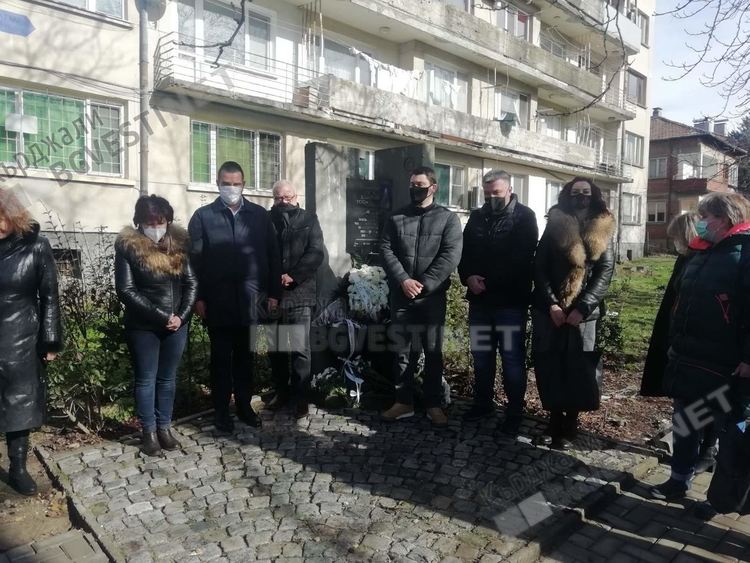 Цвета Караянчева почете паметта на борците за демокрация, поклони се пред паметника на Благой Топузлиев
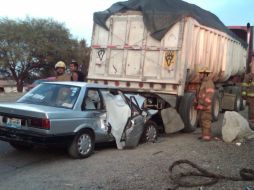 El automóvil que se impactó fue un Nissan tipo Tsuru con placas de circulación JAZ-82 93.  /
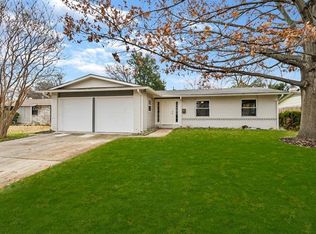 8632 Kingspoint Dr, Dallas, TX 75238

** PROBLEM TO SOLVE **
Leaving images out, please output every line of the data exactly.

** RESPONSE AREA **
 Цвета Караянчева почете паметта на борците за демокрация, поклони се пред паметника на Благой Топузлиев
 El automóvil que se impactó fue un Nissan tipo Tsuru con placas de circulación JAZ-82 93.  /
 8632 Kingspoint Dr, Dallas, TX 75238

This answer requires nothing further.